We used to fit the olds, even did two 1985 Oldsmobile Delta 88's for a while. It used to be one of those and an 1956 Lincoln Premiere in the garage with enough room to open all 4 doors on the olds and the driver's door on the lincoln. Couldn't do the passenger side as we would slide it over till it almost touched the wall to prevent any chances of the door of the olds hitting it.

Now it has turned into almost total storage with 4 6' high x'4 long steel shelves on casters, a full size desk, 2 huge file cabinets, an old computer desk with hutch and some other shelf on the one side. The other side is all cabinets or drawers of various sorts until the last 8 feet which is built in shelving...still used to park the cars with it there as it wasn't enough to bother opening the door, but you did have to go around the car to come in through the garage entry.

Since then added a golf cart, been 1 to 3 mobility scooters in there at a time, the old table saw which used to be stored in the shed and only brought out when needed. With all of this stuff, plus take away the 4 feet or so at the back on 1 side for the steps and a 19.5'x 24' garage gets rather small in no time at all. If we could just convince some one to part with 90% of what is in the non-book storage boxes it would be a lot better.

The desk does get used for a side project she has of selling hand dyed linen or something and selling older comic books when she has found a batch worth taking a chance on for resale. Been over a year since any sold, but did get a batch last fall that needs sorting and pics taken so they can be sold.


----------



## 3efingers (Dec 21, 2006)

When I first started I had lots of space (read outdoors) and few tools, now many years later I have lots of tools and somehow my shop has shrunk so by this weekend I hope we'll break ground on an addition and give me a total of 300 sq. feet. My wife is getting me the addition for my retirement.


----------



## BigJimAK (Mar 13, 2009)

Congratulations, Tom... on the shop *and* retirement!!


----------



## 3efingers (Dec 21, 2006)

Thanks Jim, I'm also getting permanent elec. to the shop so I will not have to fight with extension cords again.....


----------



## sofasurfer (May 30, 2009)

I have a 3 car garage. The cars sleep in the driveway. The garage is ful to the brim with tote-homes. There is barely enough room for T saw, planer, B saw, M saw and shop vac. I am in the process of putting everything on rollers for toten to the driveway. Current project is a bench with retractable wheels.


----------



## pimmaj (Mar 16, 2010)

No, you are not totally alone... I have no garage, no shop, and live in an 850 sq/ft house- with kids!
Tony


----------



## pemdas86 (Nov 21, 2008)

I decided last year that I'm going to stop waiting until I get a bigger and better house to have a workshop. My resolution was that in the summer months I would set up "shop" in the 1 car basement garage and leave all my tools setup and ready to go. Then in the winter, they all get put away and brought inside so we can have car storage and snowthrower, etc. Besides, for me anyway, the winter months are a pain with the holidays and unpredicatable weather, and not to mention the garage is uninsulated and not heated. So it works out. Actually, I'm getting ready to get started for the season. Just today I finsihed running 2 new 20 amp circuits from the panel to the garage ....just for me and the tools.....ha! I'll have 2 duplexes every 8 feet or so. Then I'm good to go. So no, I don't really have a shop, but I found a way to make do with what I have. Good luck.


----------



## BigJimAK (Mar 13, 2009)

sofasurfer said:


> I have a 3 car garage. The cars sleep in the driveway. The garage is ful to the brim with tote-homes. There is barely enough room for T saw, planer, B saw, M saw and shop vac. I am in the process of putting everything on rollers for toten to the driveway. Current project is a bench with retractable wheels.

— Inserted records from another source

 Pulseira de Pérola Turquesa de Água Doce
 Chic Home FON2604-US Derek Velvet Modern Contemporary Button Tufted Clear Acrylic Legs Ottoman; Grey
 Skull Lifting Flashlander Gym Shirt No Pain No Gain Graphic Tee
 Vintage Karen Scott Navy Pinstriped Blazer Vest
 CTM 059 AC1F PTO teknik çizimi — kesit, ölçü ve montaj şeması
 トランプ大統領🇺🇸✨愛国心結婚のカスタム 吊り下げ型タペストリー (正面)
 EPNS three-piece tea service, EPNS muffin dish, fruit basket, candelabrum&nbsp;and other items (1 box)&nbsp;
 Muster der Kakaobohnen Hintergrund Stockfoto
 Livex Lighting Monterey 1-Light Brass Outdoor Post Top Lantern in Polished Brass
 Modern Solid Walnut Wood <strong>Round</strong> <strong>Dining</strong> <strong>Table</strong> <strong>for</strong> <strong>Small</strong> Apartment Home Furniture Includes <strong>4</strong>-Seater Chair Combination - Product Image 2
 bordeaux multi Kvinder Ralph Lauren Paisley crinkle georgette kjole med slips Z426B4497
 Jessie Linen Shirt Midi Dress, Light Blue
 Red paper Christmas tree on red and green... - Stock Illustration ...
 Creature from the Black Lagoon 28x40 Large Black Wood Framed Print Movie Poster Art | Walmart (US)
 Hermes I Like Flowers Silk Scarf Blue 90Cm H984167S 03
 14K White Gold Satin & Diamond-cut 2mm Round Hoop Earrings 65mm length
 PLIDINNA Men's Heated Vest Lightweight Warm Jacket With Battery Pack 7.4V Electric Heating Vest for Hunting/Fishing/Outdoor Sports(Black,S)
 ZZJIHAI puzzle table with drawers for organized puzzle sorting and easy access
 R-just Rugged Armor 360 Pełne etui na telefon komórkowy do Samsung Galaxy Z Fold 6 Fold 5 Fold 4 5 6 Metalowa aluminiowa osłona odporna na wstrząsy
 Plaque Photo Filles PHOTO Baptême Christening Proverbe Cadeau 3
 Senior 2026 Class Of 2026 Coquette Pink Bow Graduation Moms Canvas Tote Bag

Wheels is a great solution Daryl.. I use them extensively. The other thing I did last spring was to tell my wife that "In 2 weeks I want to start cleaning out the garage, giving away or selling a lot of stuff. If you would like to join in, you are welcome and then would have input on what stays and what goes. If you do not want to participate, you'll need to trust my judgement. I'll try to keep the things of value and that you'd like to keep, but my mission is to dispose of 70% of the volume that is there, put 20% in the outside storage shed, 8% in the house, and store a few items in the garage." I gently mention this every 3 nights or so, hoping she'd decide to join me. She didn't so I drafted my son for assistance. A couple of weekends later there was lots of room in the shop, the storage shed was full, we had trashed a lot and given to "Good Will". Because the storage shed is packed so tightly and we were working so quickly, I'm not positive about a lot of the stuff that went out there. When she asks about a certain item (if I can't remember) I honestly tell her I'm not positive but I *think* it's in the shed. So far, it's worked like a charm.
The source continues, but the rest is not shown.